Глава вторая Скарлетт

«Ты не выбираешь сестер. Это делает магия». Так сказала ей няня Минни за много лет до того, как Скарлетт Винтер вступила в Каппа-Ро-Ню[2]. Эти слова вспомнились Скарлетт сейчас, когда ее мать въезжала на автомобиле в кованые железные ворота колледжа Вестерли, где собрались стайки девушек. Некоторые из них, юные и взволнованные с виду, вцепились в свои чемоданы, другие разглядывали кампус голодными глазами, будто готовясь завоевать его. Где-то в этом девичьем море были и те, кто пополнит Каппу. Эти новые Воронихи (так называли себя сестры), если все пойдет, как задумала Скарлетт, и магия будет к ней благоволить, уже в течение этого года признают ее своим лидером.

Когда они миновали ворота, она почувствовала себя свободнее и сильнее, будто вышла из тени своей родни на свет. На самом деле это было полной нелепицей, потому что ее мать Марджори и старшая сестра Эжени встречались в Доме Каппы повсюду. Их лица смотрели с групповых фотографий на стенах. Их имена были на устах старших девушек из сестринства. Они уже оставили тут свой след до нее. Но как бы ни давили на Скарлетт чужие ожидания, она была намерена продемонстрировать всем и каждому, что лучшая из семейства Винтер учится в колледже именно сейчас. Да, она тоже станет президентом, как ее родственницы, но будет лучше, талантливее, сильнее и, в отличие от них, произведет неизгладимое впечатление. В этом-то и прелесть положения той, кто идет следом: можно превзойти своих предшественниц.

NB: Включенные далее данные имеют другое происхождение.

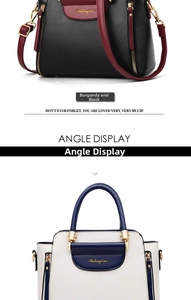 Detail of color-block leather handbags with metal zippers and golden brand logo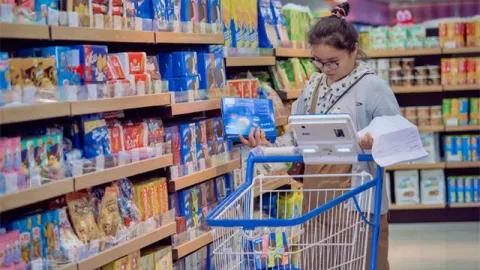 Shopper Navigating Store With Smart Cart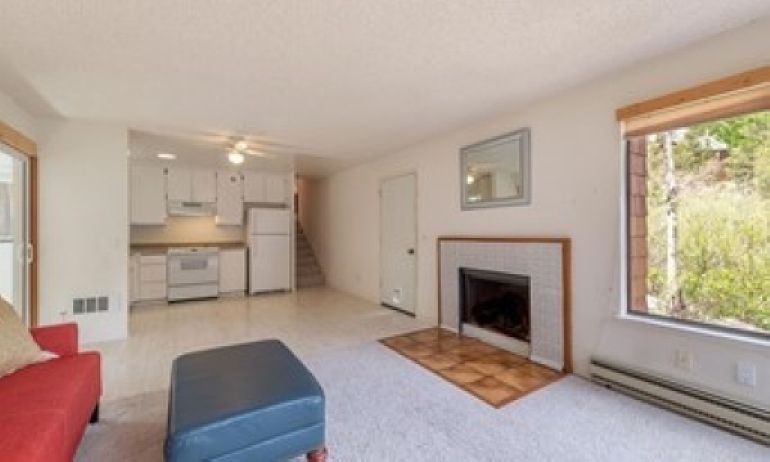 Flowing open floor plan with living room, kitchen, and enclosed patio/sunroom.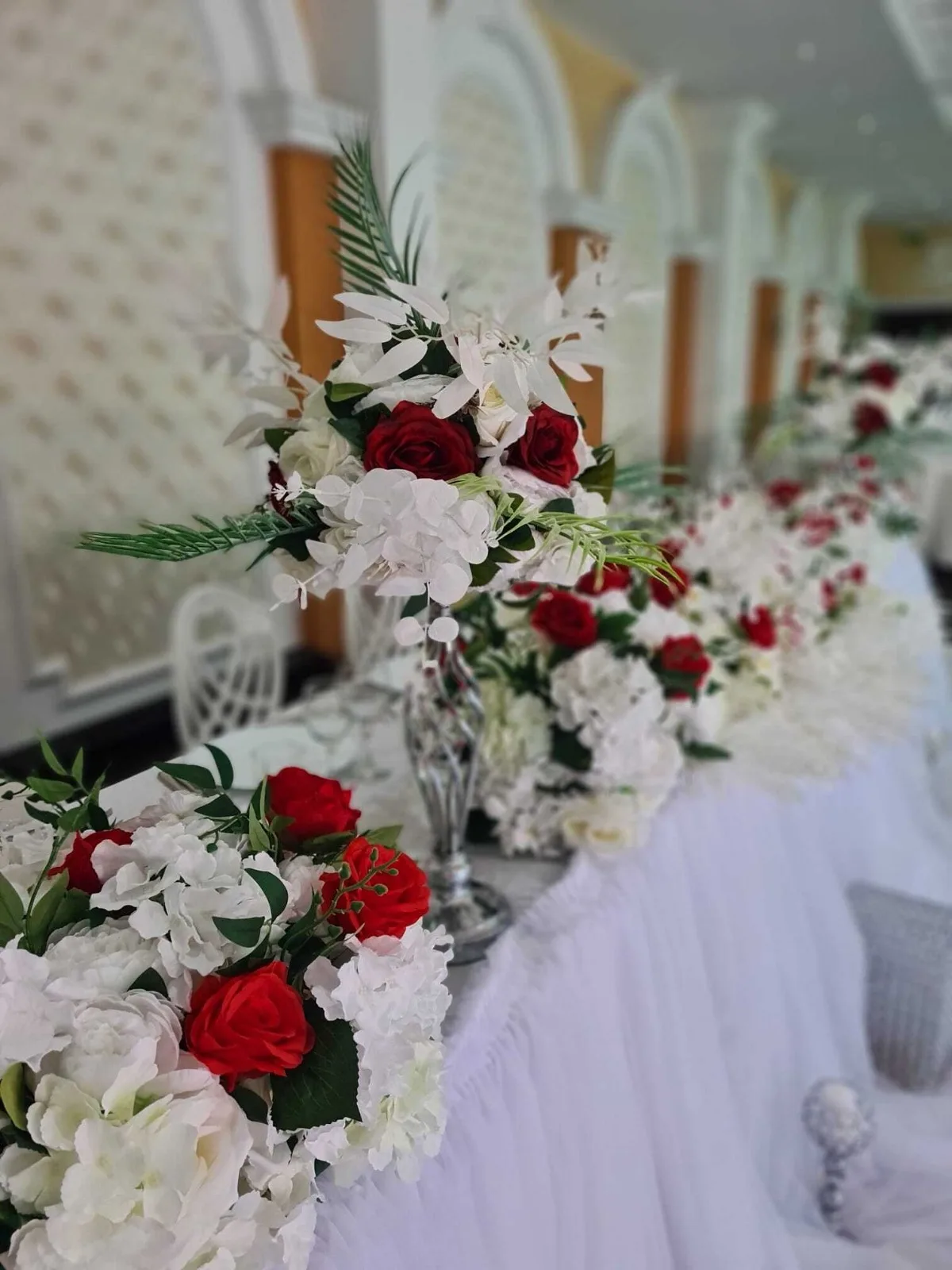 Detaliu de aproape al prezidiului cu trandafiri roșii și flori albe, Sala Zamca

Ну, так она себе говорила.

– Все-таки тебе надо было надеть красное платье, – сказала Марджори, хмурясь на отражение дочери в зеркале заднего вида. – Оно больше подходит для будущего президента. Ты должна излучать могущество, хороший вкус, лидерские качества…

Скарлетт взглянула в то же зеркало на свое отражение. Кожа Скарлетт, Эжени и Марджори была коричневой, но разных оттенков. Все три дамы семьи Винтер выглядели потрясающе, но старшая сестра очень походила на мать, тогда как младшая сильно отличалась от них обеих своим острым носиком и широко расставленными глазами. Пока росла, она всегда завидовала сходству матери и Эжени, у которых все, включая идеальные носы, было одинаковым.

Скарлетт разгладила свое зеленое платье.

– Мама, я сильно сомневаюсь, что Далия выбирает кандидатку в президенты Каппы, принимая во внимание цвет платья в первый день занятий. А нарядиться в красное, когда тебя зовут Скарлетт[3], как-то слишком банально.

Выражение лица Марджори стало убийственно серьезным.

– Скарлетт, тут принимается во внимание все.

– Кстати, она права, – подхватила с переднего сиденья Эжени.

– Слушай, что говорит сестра, она была президентом два года подряд, – гордо сказала Марджори. – А теперь твой черед подхватить семейную традицию.

Эжения ухмыльнулась.

– Если, конечно, ты не намерена просто отсидеться в уголке.

– Конечно нет, я же Винтер, правда? – Скарлетт выпрямилась и уставилась на сестру пронзительным взглядом.

Она не знала точно, зачем Эжени настояла на том, чтобы поехать сегодня в Вестерли; обычно она только и твердила, что очень занята в юридической фирме матери, где была младшим партнером. С другой стороны, Эжени хваталась за каждую возможность указать младшей сестре ее место. Например, усаживалась на переднее сиденье и вынуждала Скарлетт расположиться сзади, хотя вся поездка затевалась именно ради нее.

Мать резко кивнула.

– Никогда не забывай об этом, дорогая.

Марджори подвинулась, чтобы посмотреть на Скарлетт, и та уловила аромат духов, легкую жасминовую нотку, напомнившую, как мать, заработавшись на своей фирме, в ночи пробиралась к ней в комнату и целовала ее в лоб. Скарлетт всегда притворялась спящей, потому что мама очень старалась не разбудить ее, хотя на самом деле не имела ничего против того, чтобы проснуться. Это напоминало ей о том, как сильна мамина любовь, та самая, которую Скарлетт не всегда ощущала, бодрствуя.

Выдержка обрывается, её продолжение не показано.